(Short web captions)
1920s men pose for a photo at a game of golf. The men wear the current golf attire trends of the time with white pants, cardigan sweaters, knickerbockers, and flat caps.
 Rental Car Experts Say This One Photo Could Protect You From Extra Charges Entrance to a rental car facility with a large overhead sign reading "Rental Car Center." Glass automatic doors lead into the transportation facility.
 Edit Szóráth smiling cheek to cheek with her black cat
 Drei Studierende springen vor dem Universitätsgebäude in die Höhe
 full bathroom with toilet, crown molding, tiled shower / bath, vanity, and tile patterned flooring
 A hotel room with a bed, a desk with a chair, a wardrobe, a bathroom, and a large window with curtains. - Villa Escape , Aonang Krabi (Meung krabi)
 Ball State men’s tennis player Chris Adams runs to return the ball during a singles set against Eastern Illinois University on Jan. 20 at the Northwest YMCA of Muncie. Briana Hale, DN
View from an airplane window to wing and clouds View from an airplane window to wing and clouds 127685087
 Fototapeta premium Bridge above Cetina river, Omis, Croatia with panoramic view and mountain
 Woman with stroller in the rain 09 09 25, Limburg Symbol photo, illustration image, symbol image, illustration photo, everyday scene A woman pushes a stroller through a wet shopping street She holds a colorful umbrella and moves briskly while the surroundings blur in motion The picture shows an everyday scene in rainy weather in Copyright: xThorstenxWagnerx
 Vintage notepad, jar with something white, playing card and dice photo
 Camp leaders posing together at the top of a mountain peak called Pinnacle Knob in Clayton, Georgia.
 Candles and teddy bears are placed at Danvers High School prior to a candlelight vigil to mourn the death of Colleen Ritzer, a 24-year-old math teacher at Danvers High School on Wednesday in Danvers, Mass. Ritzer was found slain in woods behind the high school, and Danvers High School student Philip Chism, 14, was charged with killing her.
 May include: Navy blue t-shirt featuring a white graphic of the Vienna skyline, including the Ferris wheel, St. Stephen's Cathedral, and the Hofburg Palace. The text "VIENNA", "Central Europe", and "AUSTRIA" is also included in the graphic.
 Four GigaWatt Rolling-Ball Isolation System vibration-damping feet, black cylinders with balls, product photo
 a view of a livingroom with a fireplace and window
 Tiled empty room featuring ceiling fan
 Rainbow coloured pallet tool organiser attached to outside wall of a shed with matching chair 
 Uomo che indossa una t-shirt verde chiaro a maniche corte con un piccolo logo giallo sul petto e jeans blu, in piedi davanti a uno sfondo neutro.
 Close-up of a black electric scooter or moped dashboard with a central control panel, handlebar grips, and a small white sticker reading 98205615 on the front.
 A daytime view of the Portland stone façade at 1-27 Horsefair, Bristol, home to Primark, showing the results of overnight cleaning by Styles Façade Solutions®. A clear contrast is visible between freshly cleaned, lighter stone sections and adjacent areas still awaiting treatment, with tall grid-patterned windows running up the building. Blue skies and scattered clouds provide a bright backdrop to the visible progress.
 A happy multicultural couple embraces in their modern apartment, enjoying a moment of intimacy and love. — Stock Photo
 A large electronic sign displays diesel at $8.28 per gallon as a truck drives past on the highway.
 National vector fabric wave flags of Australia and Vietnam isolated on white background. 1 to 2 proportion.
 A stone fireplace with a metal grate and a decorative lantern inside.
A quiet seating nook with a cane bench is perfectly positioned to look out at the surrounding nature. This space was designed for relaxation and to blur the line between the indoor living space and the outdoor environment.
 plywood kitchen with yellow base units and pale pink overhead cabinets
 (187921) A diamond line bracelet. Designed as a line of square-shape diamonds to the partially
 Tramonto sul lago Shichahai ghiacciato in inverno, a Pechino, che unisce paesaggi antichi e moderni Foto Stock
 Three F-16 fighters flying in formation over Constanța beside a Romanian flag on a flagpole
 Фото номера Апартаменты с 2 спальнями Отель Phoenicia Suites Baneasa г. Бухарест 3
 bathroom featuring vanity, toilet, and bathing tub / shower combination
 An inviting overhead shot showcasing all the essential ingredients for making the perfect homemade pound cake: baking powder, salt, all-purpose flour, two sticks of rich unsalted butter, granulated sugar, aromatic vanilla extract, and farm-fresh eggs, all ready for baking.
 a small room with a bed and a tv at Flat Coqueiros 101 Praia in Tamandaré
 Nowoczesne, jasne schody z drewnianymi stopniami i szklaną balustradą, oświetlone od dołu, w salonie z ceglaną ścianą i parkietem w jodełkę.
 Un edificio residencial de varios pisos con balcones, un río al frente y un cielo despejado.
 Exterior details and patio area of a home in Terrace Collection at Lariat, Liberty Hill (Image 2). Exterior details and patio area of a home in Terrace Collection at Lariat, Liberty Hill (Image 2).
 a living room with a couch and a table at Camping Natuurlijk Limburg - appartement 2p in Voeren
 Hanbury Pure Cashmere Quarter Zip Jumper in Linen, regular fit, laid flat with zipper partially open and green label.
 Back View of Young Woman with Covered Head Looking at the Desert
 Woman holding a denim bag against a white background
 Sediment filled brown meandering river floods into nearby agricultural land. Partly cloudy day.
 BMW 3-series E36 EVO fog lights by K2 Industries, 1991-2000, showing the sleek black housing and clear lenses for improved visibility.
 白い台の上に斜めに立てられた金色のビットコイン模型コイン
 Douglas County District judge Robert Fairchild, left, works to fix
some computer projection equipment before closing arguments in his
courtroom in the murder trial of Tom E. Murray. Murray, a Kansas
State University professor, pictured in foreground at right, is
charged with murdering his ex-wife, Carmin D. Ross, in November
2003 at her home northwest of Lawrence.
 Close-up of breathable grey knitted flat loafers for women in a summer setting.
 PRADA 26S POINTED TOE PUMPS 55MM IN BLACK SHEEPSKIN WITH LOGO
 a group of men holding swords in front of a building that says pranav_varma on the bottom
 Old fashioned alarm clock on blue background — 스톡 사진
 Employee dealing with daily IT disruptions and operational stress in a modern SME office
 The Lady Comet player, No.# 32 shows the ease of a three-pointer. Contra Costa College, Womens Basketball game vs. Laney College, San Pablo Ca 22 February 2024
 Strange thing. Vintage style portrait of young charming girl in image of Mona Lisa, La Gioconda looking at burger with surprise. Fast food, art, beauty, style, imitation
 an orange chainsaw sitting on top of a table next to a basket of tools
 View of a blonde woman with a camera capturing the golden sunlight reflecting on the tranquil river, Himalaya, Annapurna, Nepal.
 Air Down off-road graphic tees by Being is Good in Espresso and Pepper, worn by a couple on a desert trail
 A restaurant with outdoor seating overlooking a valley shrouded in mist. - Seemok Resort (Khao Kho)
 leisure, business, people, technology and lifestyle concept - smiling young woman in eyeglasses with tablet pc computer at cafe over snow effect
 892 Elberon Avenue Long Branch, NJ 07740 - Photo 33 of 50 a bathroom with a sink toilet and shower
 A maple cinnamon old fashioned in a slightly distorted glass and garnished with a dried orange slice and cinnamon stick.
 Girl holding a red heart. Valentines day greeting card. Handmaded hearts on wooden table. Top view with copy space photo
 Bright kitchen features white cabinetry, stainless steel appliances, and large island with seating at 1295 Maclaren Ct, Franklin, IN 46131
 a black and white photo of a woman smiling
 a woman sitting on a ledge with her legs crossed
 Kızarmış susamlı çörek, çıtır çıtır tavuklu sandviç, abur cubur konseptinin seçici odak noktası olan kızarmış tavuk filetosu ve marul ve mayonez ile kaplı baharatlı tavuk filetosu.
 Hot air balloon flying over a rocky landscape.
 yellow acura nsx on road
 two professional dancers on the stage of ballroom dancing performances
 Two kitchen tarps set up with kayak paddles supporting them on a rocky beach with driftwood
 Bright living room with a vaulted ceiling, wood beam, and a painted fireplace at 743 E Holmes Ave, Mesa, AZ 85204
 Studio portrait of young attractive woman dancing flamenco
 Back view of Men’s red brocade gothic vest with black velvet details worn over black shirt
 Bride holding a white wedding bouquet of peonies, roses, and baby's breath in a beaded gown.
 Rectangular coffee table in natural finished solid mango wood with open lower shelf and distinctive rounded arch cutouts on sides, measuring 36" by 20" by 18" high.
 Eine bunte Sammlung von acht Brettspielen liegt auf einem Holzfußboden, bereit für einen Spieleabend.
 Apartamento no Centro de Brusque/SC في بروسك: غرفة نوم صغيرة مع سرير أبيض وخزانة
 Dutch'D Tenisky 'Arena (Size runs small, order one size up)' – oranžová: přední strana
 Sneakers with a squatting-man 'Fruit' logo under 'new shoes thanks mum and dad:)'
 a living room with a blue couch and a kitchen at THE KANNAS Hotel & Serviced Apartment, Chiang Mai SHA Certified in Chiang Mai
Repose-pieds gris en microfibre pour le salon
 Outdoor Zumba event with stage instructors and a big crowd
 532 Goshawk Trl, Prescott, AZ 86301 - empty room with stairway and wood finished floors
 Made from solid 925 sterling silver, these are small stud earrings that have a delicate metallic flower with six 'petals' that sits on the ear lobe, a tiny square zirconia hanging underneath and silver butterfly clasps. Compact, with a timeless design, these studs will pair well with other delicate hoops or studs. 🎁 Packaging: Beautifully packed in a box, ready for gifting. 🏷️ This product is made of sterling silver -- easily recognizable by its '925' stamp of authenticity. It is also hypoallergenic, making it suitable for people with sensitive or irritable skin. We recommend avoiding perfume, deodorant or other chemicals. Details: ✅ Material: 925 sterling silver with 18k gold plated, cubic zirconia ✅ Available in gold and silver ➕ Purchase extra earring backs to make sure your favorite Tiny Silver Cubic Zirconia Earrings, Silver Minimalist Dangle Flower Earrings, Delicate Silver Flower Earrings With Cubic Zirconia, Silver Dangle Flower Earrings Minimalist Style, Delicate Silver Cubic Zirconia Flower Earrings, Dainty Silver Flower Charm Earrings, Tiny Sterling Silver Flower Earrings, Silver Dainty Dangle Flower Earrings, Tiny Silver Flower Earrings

What to do » Find the lines in the records that include the string "into", and reply with how many there are, nothing more.

Output of the exercise » 2